Implementation notes

This changes a bunch of stuff in the transcript implementation. It tries to make some things clearer (e.g., breaking awaitInput into smaller functions, and removing the recursion from it), but there is still work to do there.

Interesting/controversial decisions

This PR currently makes most of the transcript tests into “idempotent tests” – where the output is written back to the input file, and there should be no changes when re-run. It makes a nice impact with 11 kloc removed, but I don’t know that we actually want to do this.

One reason not to is that the transcripts are much noisier, since all the output is included. But maybe this should be handled by using :hide more liberally. I added a commit at the end that does that for a few transcripts.

Test coverage

Every transcript is touched by this PR, I’m pretty sure.

Loose ends

There is related work here that doesn’t need to be in this PR

more simplification of the transcript runner
dealing with parse errors better
probably some other things I’m forgetting

sellout commented 1 month ago

Hrmm … the tests that are failing … they’re easy enough to fix (just need to update the output expectations), but it seems like there’s not an easy way to run these tests. I.e., they’re not part of ./scripts/checks.sh or anything else. Is that right? If so, we should probably add scripts for those jobs.

sellout commented 1 week ago

Can you suggest a way we can be confident that all of the transcripts made it into idempotent/ and not accidentally deleted like I'd apparently done in the past?

So I tried to split up the commits to make this more obvious, but I don’t think it’s foolproof:

https://github.com/unisonweb/unison/pull/5406/commits/cf0f3e25658153d6cafae7a6f513db5849cffe69 removes all of (and only) the outputs for now-idempotent transcripts (and moves the idempotent ones to a new subdir), then
https://github.com/unisonweb/unison/pull/5406/commits/73b2a9c8574aa1b4007093c471bb746ba36b31c6 runs everything, producing the “idempotent” versions of the transcripts.

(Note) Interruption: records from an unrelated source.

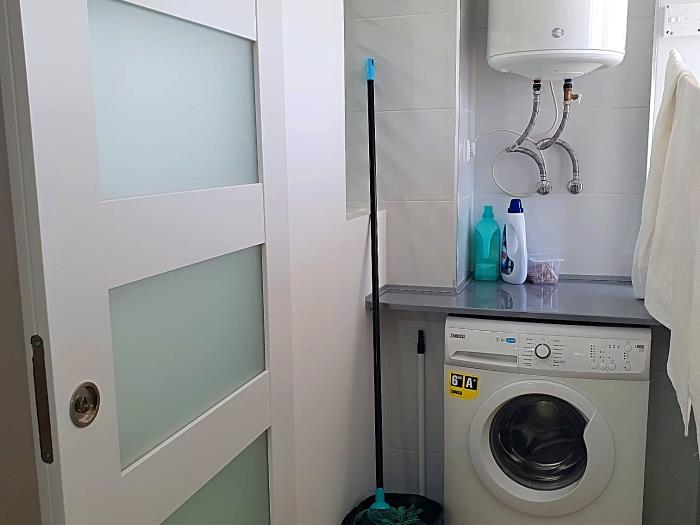 Utility room with washing machine and clothesline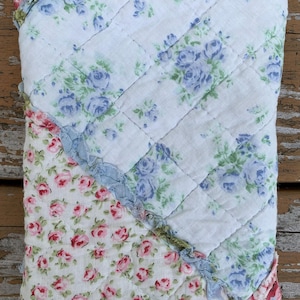 May include: A quilted fabric item with a floral pattern. The top section features blue roses on a white background, while the bottom section has pink roses. The edges are trimmed with ruffled fabric in blue and pink.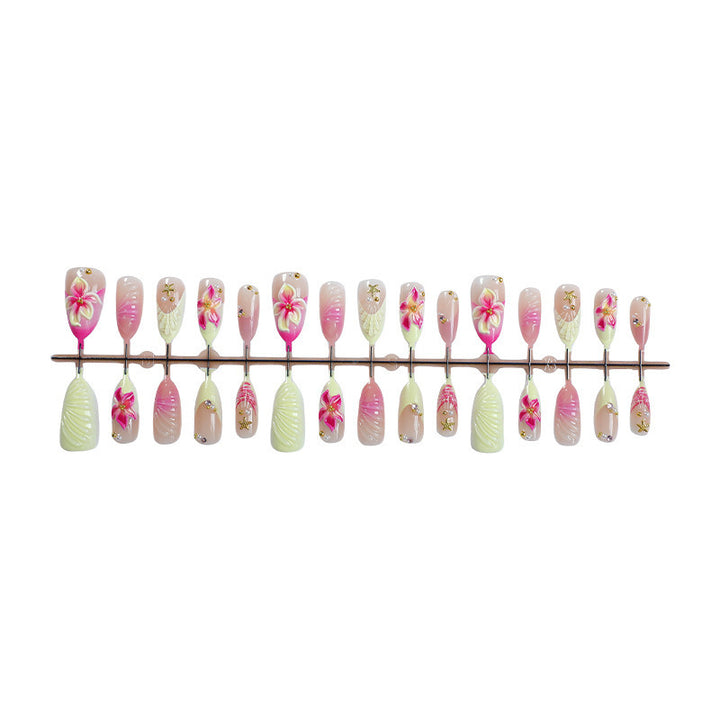 Creative acrylic nail set with floral accents and glitter decorations Stornfield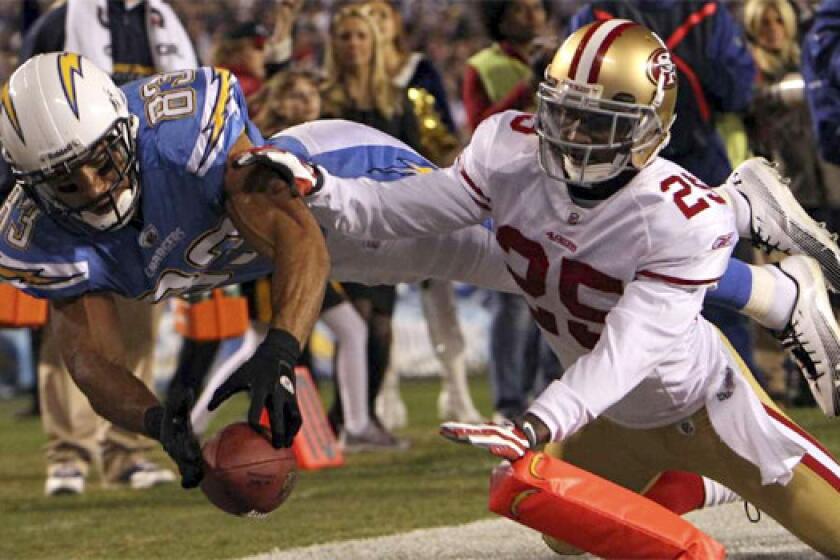 San Francisco 49ers cornerback Tarell Brown is unable to stop Chargers wide receiver Vincent Jackson from finding pay dirt on Dec. 16, 2010.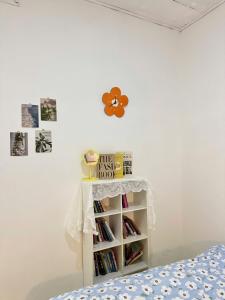 a bedroom with a bed and a shelf with books at Nap House 2- house in center Phan Thiet in Ấp Bình Hưng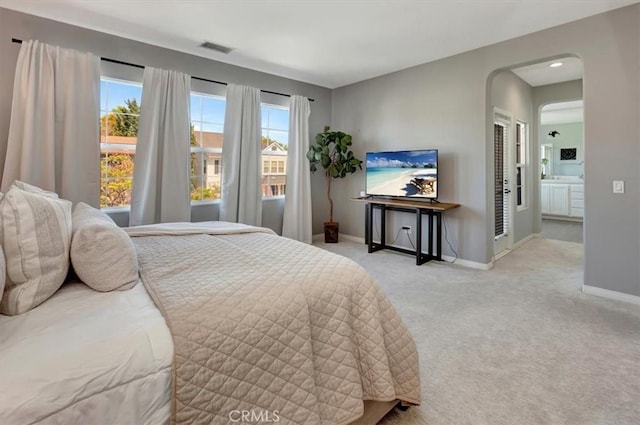 19 Laurelhurst Dr, Ladera Ranch, CA 92694 - bedroom with light carpet, baseboards, and arched walkways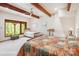 Bedroom featuring white walls and ceiling with wooden beams and a large window at 3605 Ridgetop Rd, Sherrills Ford, NC 28673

So, basically, verify that only output files were removed in that first commit. And I think no other commits should remove any transcripts. If they do, they should be spot-checkable (and I apologize for not isolating it better).

aryairani commented 1 week ago

So I tried to split up the commits to make this more obvious, but I don’t think it’s foolproof:

Ah, perfect, thanks, I'll take another look.

aryairani commented 1 week ago

I'm about ready to merge this, but still just trying to wrap my head around and document the new organization. Let me know if I have this right.

It looks like:

basically all transcripts are grouped under either errors/ or idempotent/
there are a handful of transcripts in the root unison-src/transcripts that either we're not trying to convert right now because they use :hide:all or like in the case of fix-5402.md I assume slipped in from trunkafter the main work was already done.
there are still some transcripts under transcripts-using-base/ that we don't mess with yet
there's project-outputs/ which includes some github templates and also any markdown from ./docs/
transcripts-manual/ and transcripts-round-trip/ are done currently with a different workflow, no change there
transcripts-using-base/ we also don't change in this PR, but might want to look at later to give a similar treatment to.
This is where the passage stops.